Monday, 2 November 2015

Halloween Column



With All Hallow’s Eve approaching, the Belmont could not let the opportunity to screen a scary movie pass us by and that is why this Halloween we are screening… Halloween.
John Carpenter’s original 1978 classic that introduced the world to one of cinema’s greatest boogeymen and one of the most influential horror films of all-time.
Horror films used to be about Gothic threats like ghosts, vampires and werewolves but Alfred Hitchcock’s Psycho in 1960 gave evil a human face and brought the horror into suburbia when Janet Leigh met her fate in a shower in the Bates Motel.
18 years later Janet Leigh’s daughter Jamie Lee Curtis would become the new Scream Queen.
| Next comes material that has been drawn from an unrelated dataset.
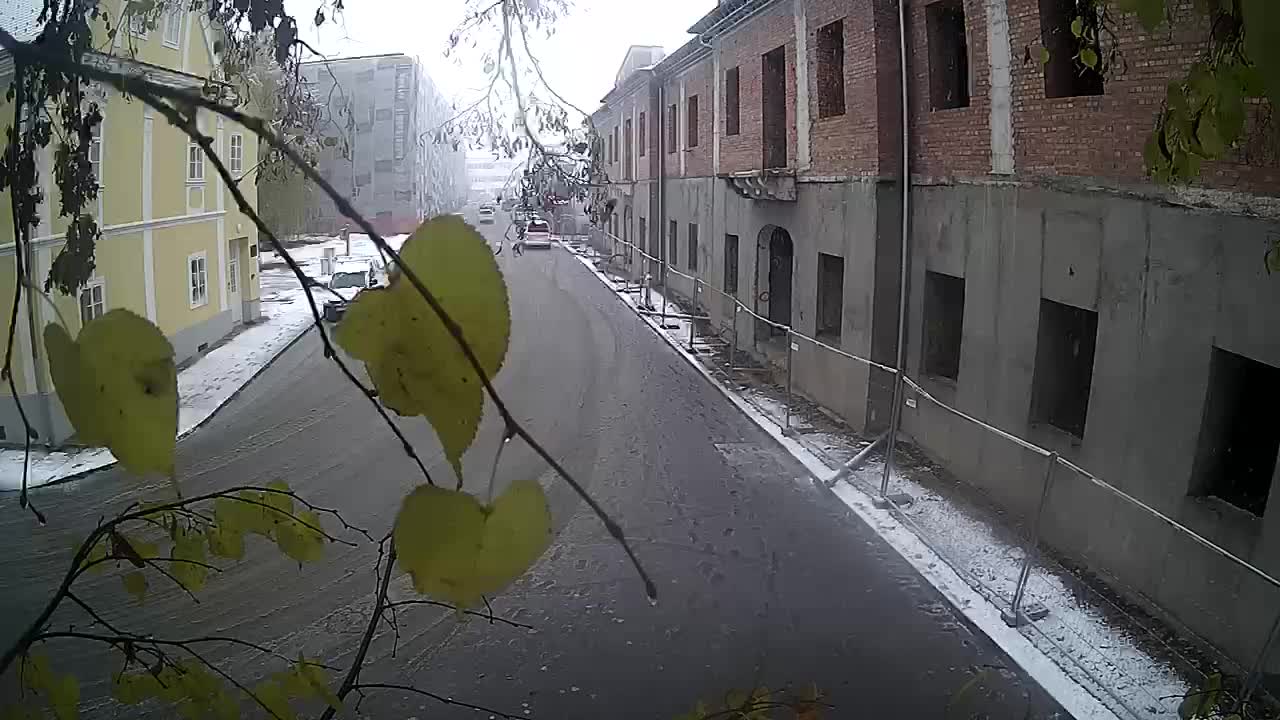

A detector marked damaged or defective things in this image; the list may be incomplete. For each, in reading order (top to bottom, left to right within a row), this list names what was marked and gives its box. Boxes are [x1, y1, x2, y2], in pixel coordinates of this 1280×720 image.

She plays a babysitter who is stalked and terrorised by the phantom-like figure of Michael Myers.  A monster who killed his sister when he was a child and returns to his home town to kill again on the anniversary of her death.
Halloween was the film that set “the rules” of the genre. Don’t drink. Don’t do drugs. Don’t have sex. Don’t ask “Who’s there?” and so on and so on.
It may have popularised the Slasher movie and prompted a host of remakes, reboots and rip-offs but Halloween remains the original and best... and most importantly, the scariest.